On Friday, my wife and I were making our plans to go to Costco so that we could stock up on our food. For the past couple of weeks, we’ve been too busy to go to Costco and we finally had a free evening. We did what everyone would do: talk about what we want to eat, what items we needed to get, and finalize our list. We grabbed a few bags and headed out.
After we had dinner at the food court (can you say cheapest date ever?!), we were walking through the aisles. I remembered seeing a solar-powered generator and my prepare-for-anything mentality kicked in. I had seen this generator before and had already been thinking about how we are likely months away from another week-without-power storm (if the last two years are any indication). I started to think about how nice it would be to have a generator that could run our refrigerator for a couple hours each day, how we could charge our electronics, among other things. The common theme running through my mind?
I “need” to buy this.
How to Say, “No!”
Mrs. 20s could see my mind turning as I inspected the features of this unnecessary item. Before I could formulate my argument for getting this generator, my awesome wife was there to set me straight. She didn’t hesitate to hit me where it hurts: our financial goals. She immediately brought up the point that we were saving for a down payment for our home. Her words were something like, “We can’t afford to buy this if we want to buy a home anytime soon.”
And she was right. I knew this, but somehow had momentarily convinced myself that I didn’t care – that this was more important. I had a moment of failure, a relapse, if you will.
In many ways, I wish I had a better story for you. A story where I dug down deep within myself and found some way to convince myself that will power was more important than my self indulgence to consumerism… But I don’t. The main reason why I don’t own a solar-powered generator right now is because of Mrs. 20s. She was and often is, the voice of reason. And that’s okay.
What Young Adults Need to Learn
If someone were to ask me what’s most important to financial success for young adults, or what young adults need to learn most, it would be self-control – the ability to resist consumerism. The priority of learning this life skill over others is based on a number of reasons:
- Spending less is the easiest way to increase your cash flow. We all know it’s not easy to earn more money or get a raise at work, but the thing you can control is how much you spend. It’s not easy, by any means, to reduce any part of your budget, but it is within your own power to do so.
- Spending less money also means you need less to live on, less money for retirement, and many other things. This take a lot of pressure off of you and your family. The last thing you want to do is to create pressure for yourself by having a high-cost of living.
- Young adults, from my experience, spend more time online, watching tv, and ultimately as a result, exposed to ads. While we like to convince ourselves that we are not swayed by advertisements, the truth is that they influence our decisions when we see them often.

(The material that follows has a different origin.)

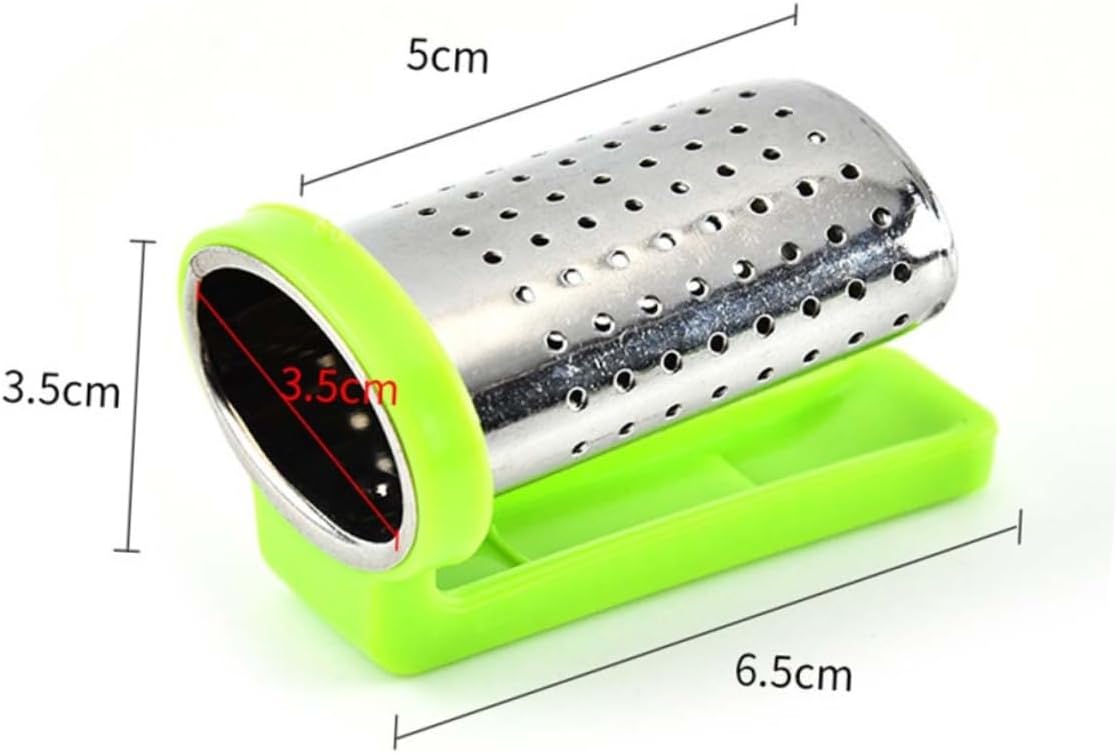 TIDTALEO 5pcs Tea Filter Infuser Hanging Tea Strainer Hanging Tea Infuser Strainer Hanging Tea Filter Perculators Tea Strainer with Handle Tea Strainers Stainless Steel Tea Maker Tea Leak, 6.5*3.5CM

- Young adults have the option to create habits, good or bad, that will change the rest of their lives. While older people should still work on changing their habits in a positive ways, young adults have more to gain by learning this lesson now.
Learning to control your urges to spend money on unnecessary items is a difficult skill to learn. I do, however, believe an important element is creating financial goals – things that can keep your energy focused on something positive.
Readers, how have you learned to control your urges to spend money?